Leaving Meta and PyTorch

Reactions to the Departure and Career Move

  • Many see this as “end of an era” and express gratitude, saying PyTorch made modern ML accessible, hackable, and fun.
  • Commenters highlight how the blog post centers people, curiosity, and growth rather than status or impact metrics.
  • Interpretations of the move vary: some think it’s pure curiosity and desire for “something small,” others suspect burnout, politics, or simply financial independence enabling risk-taking.
  • Several note that his exit is possible because PyTorch is now mature and no longer depends on its original creator.

Why PyTorch Beat TensorFlow (and Earlier Tools)

  • TF1 criticized for static graphs, verbosity, opaque error messages, fragile tutorials, constant API churn, and poor debugging (e.g., no easy print of tensors).
  • TF2’s shift to eager mode and gradient tapes is described as a painful, breaking transition that alienated both old and new users.
  • PyTorch praised for dynamic graphs, pythonic design, similarity to NumPy, straightforward debugging, and a “just write differentiable code” feel.
  • Its nn.Module abstraction and strong, up-to-date docs/tutorials are seen as key to adoption by students and practitioners.
  • Historical influences like Lua Torch, Chainer, and Autograd are acknowledged, but PyTorch is viewed as the package that got usability, abstraction level, and ecosystem right.

JAX vs PyTorch

  • Some prefer JAX’s functional mental model (functions and gradients) and enforced purity via jit, especially for scientific computing.
  • Others note JAX’s reliance on heavy compile-time optimization, making performance more “magical,” and worry about Google’s tendency to deprecate projects.
  • PyTorch is seen as messier but dominant in industry, with massive inertia and ecosystem lock-in.
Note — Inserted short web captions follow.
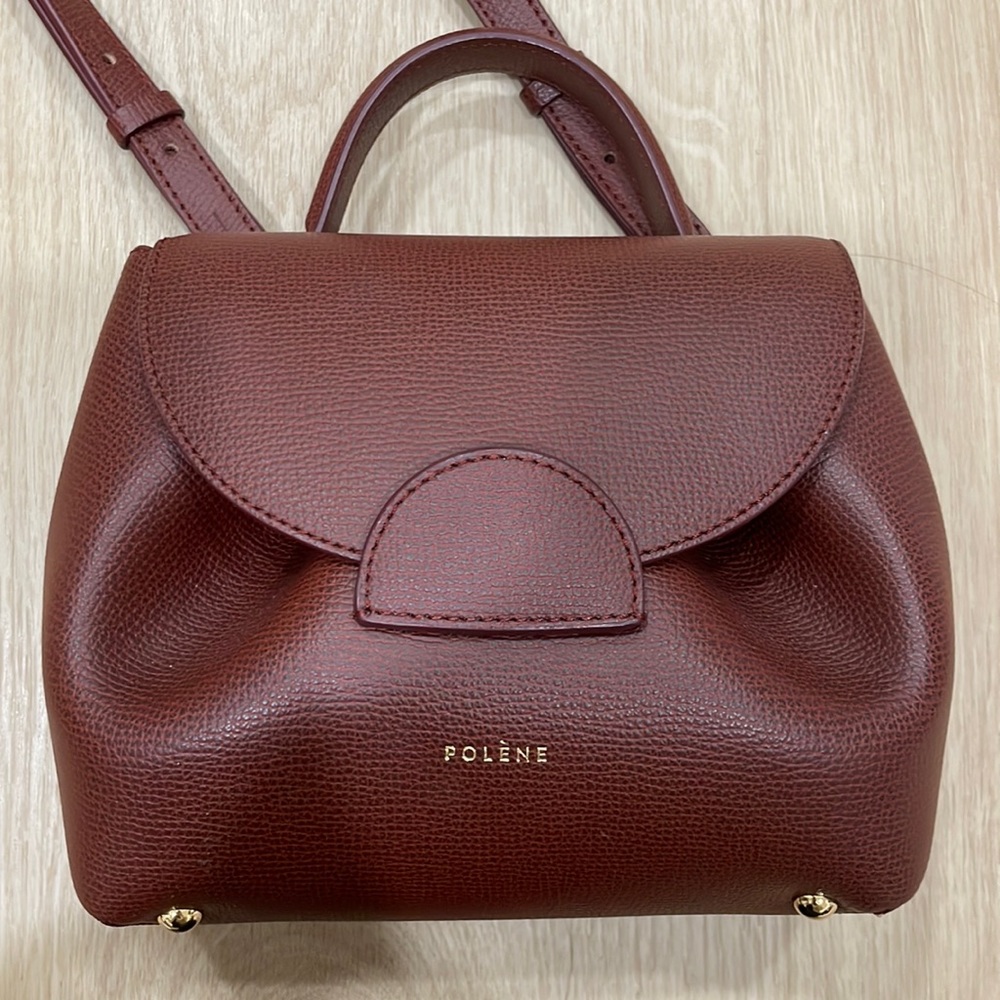 Polene Numero Uno Nano in Cognac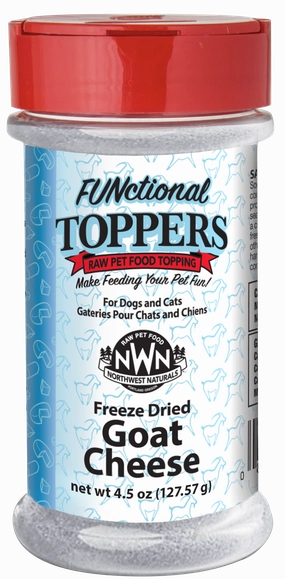 Northwest Naturals FUNctional Freeze-Dried Toppers Goat Cheese 4.5oz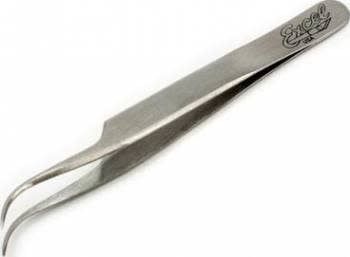 Excel Hobby Blade Polish Slanted Fine Point Tweezers Carded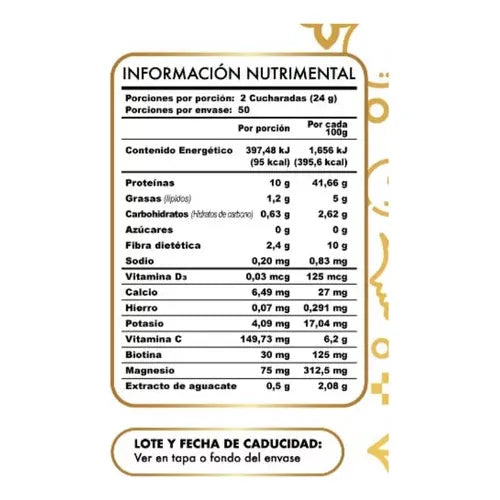 Colageno Premium A&g Persea 1.2 Kg, Sin Sabor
Meta, Resources, and “Big vs Small”

  • One thread speculates his departure implies nothing uniquely exciting inside Meta’s AI efforts; others strongly disagree, pointing to Meta’s compute and private data.
  • Several argue that truly “big” breakthroughs often come from well-funded small teams rather than giant orgs weighed down by politics and bureaucracy.
  • Meta’s AI work is described as still very strong (e.g., recommendation systems), even if public narrative has shifted to LLMs.

Open-Source Community and Leadership Style

  • Multiple insiders emphasize that PyTorch was deliberately run as a community project, with broad inclusion of external and internal contributors.
  • His leadership is praised for reducing the “bus factor,” attracting and empowering talent, and making PyTorch resilient enough that his departure is operationally a non-event—framed as a hallmark of successful open source.